Le pittoresque complexe architectural de la Laure de la Trinité-Saint-Serge (laure, terme désignant les plus grands et célèbres monastères où il était coutume, même pour les tsars, d’effectuer un pèlerinage à pied) qui s’intègre harmonieusement au relief environnant, se forma durant plusieurs siècles. Les bâtiments les plus anciens se rapportent à l’époque médiévale et les plus récents au XVIIIe siècle, comme le clocher. Sa haute silhouette aux formes baroques, malgré la grande diversité stylistique des autres édifices, ne détonne pas sur leur fond, mais bien au contraire s’avère un puissant accord dans l’ensemble architectural. Le panorama de la Laure est comme un symbole de la culture russe, très diverse mais en même temps homogène.

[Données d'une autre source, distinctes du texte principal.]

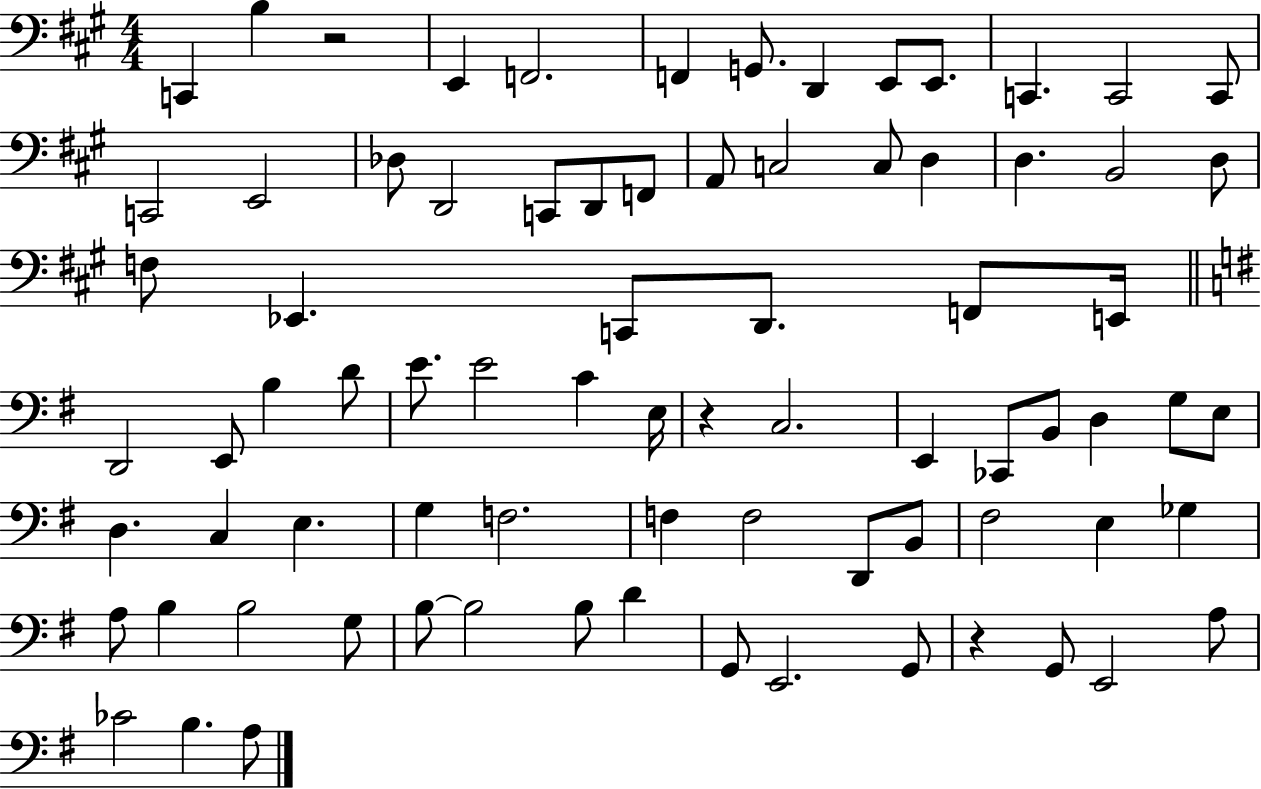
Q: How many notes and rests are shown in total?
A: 79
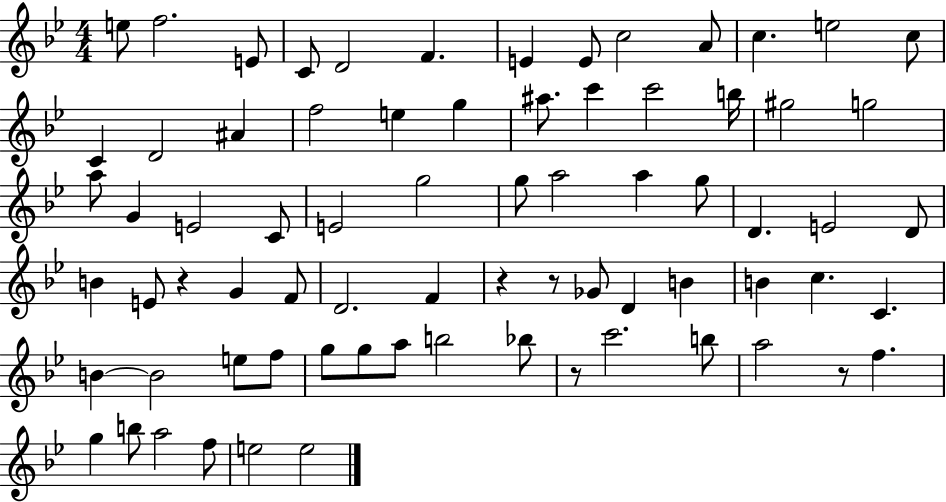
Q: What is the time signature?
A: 4/4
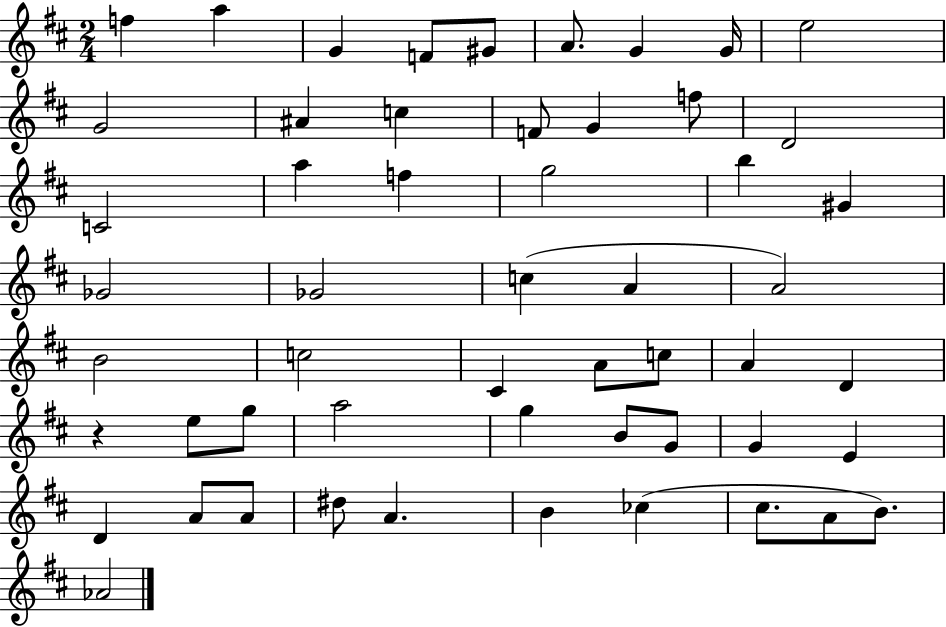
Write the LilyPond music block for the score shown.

{
  \clef treble
  \numericTimeSignature
  \time 2/4
  \key d \major
  f''4 a''4 | g'4 f'8 gis'8 | a'8. g'4 g'16 | e''2 | \break g'2 | ais'4 c''4 | f'8 g'4 f''8 | d'2 | \break c'2 | a''4 f''4 | g''2 | b''4 gis'4 | \break ges'2 | ges'2 | c''4( a'4 | a'2) | \break b'2 | c''2 | cis'4 a'8 c''8 | a'4 d'4 | \break r4 e''8 g''8 | a''2 | g''4 b'8 g'8 | g'4 e'4 | \break d'4 a'8 a'8 | dis''8 a'4. | b'4 ces''4( | cis''8. a'8 b'8.) | \break aes'2 | \bar "|."
}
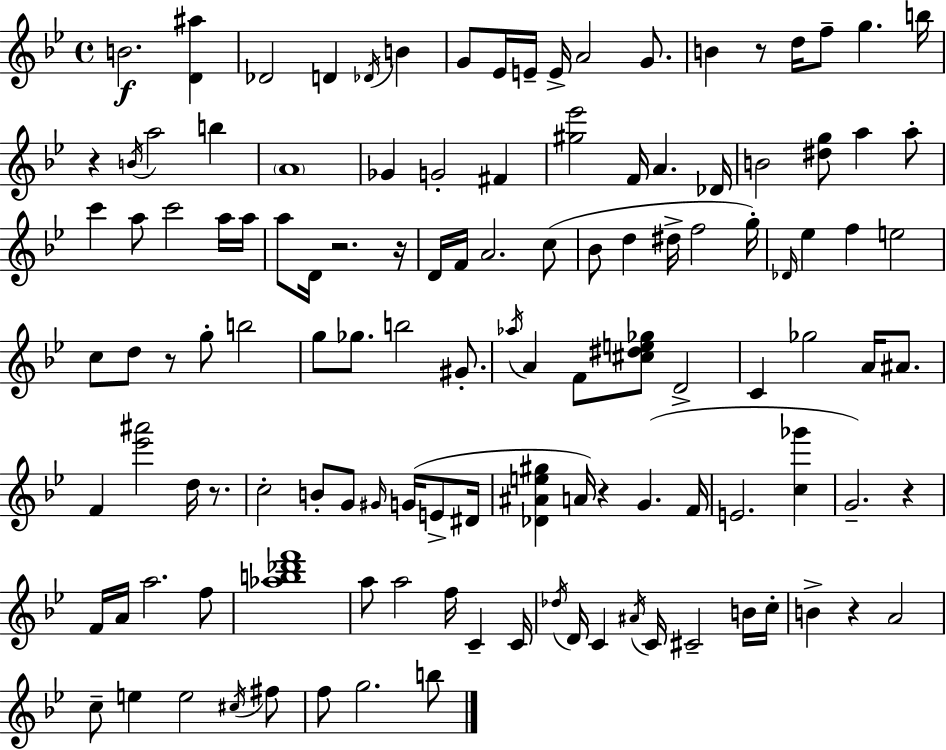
B4/h. [D4,A#5]/q Db4/h D4/q Db4/s B4/q G4/e Eb4/s E4/s E4/s A4/h G4/e. B4/q R/e D5/s F5/e G5/q. B5/s R/q B4/s A5/h B5/q A4/w Gb4/q G4/h F#4/q [G#5,Eb6]/h F4/s A4/q. Db4/s B4/h [D#5,G5]/e A5/q A5/e C6/q A5/e C6/h A5/s A5/s A5/e D4/s R/h. R/s D4/s F4/s A4/h. C5/e Bb4/e D5/q D#5/s F5/h G5/s Db4/s Eb5/q F5/q E5/h C5/e D5/e R/e G5/e B5/h G5/e Gb5/e. B5/h G#4/e. Ab5/s A4/q F4/e [C#5,D#5,E5,Gb5]/e D4/h C4/q Gb5/h A4/s A#4/e. F4/q [Eb6,A#6]/h D5/s R/e. C5/h B4/e G4/e G#4/s G4/s E4/e D#4/s [Db4,A#4,E5,G#5]/q A4/s R/q G4/q. F4/s E4/h. [C5,Gb6]/q G4/h. R/q F4/s A4/s A5/h. F5/e [Ab5,B5,Db6,F6]/w A5/e A5/h F5/s C4/q C4/s Db5/s D4/s C4/q A#4/s C4/s C#4/h B4/s C5/s B4/q R/q A4/h C5/e E5/q E5/h C#5/s F#5/e F5/e G5/h. B5/e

La Laure joua non seulement un important rôle spirituel et religieux, mais fut aussi le témoin de maints événements historiques. Le monastère est entouré d’une enceinte fortifiée élevée aux XVI-XVIIe siècles qui plus d’une fois démontra sa puissance. Au début du XVIIe siècle, durant les Temps troubles, elle résista durant six mois aux assauts de l’assaillant polono-lituanien. A la fin du XVIIe siècle, Pierre Ier y trouva deux fois refuge. Il s’y cacha en 1682 avec sa sœur Sophie et son frère Ivan lors de la révolte des Streltsy et en 1688 lors du complot fomenté par l’héritière du trône Sophie, fille aînée du tsar Alexis Mikhaïlovitch. Les onze tours de l’enceinte acquirent l’aspect que nous leur voyons au cours des XVIIe et XVIIIe siècles ce qui détermina leur décoration plus évoluée par rapport à celle, austère et fonctionnelle, qu’elles possédaient avant. Cela est particulièrement visible dans la construction et l’ornementation de la tour d’angle dite « du Canard » d’où, selon la légende, le jeune Pierre Ier aimait tirer à l’arc sur les canards volant vers l’étang voisin.

L’incontestable autorité de saint Serge de Radonège, son fondateur, assura au monastère, dès le milieu du XIVe siècle, un afflux constant de personnalités intellectuelles et artistiques désirant y travailler et de riches dons provenant de monarques, hauts dignitaires et familles aristocratiques. Dans les bourgs entourant Serguiev-Possad vivaient des paysans, des artisans travaillant l’étain et l’argent et maints autres maîtres œuvrant dans les domaines des arts appliqués. Grâce à eux, le musée de la Sacristie de la Laure et le musée d’Histoire et d’Art de Serguiev-Possad abritent des collections uniques de véritables trésors parmi lesquels se distinguent les pièces d’orfèvreries réalisées dans différentes techniques et surtout les ouvrages en tissus brodés. Ces chefs-d’œuvre de la « peinture à l’aiguille » sont exécutés avec tant de finesse que, selon Paul d’Alep qui visita la Russie au XVIIe siècle, on pourrait penser qu’ils sont minutieusement peints. Dès les premières années de son existence, le monastère devint un centre cultuel où l’on recopiait les livres saints, où travaillaient de talentueux littérateurs dont les plus illustres furent Epiphane le Sage et Maxime le Grec.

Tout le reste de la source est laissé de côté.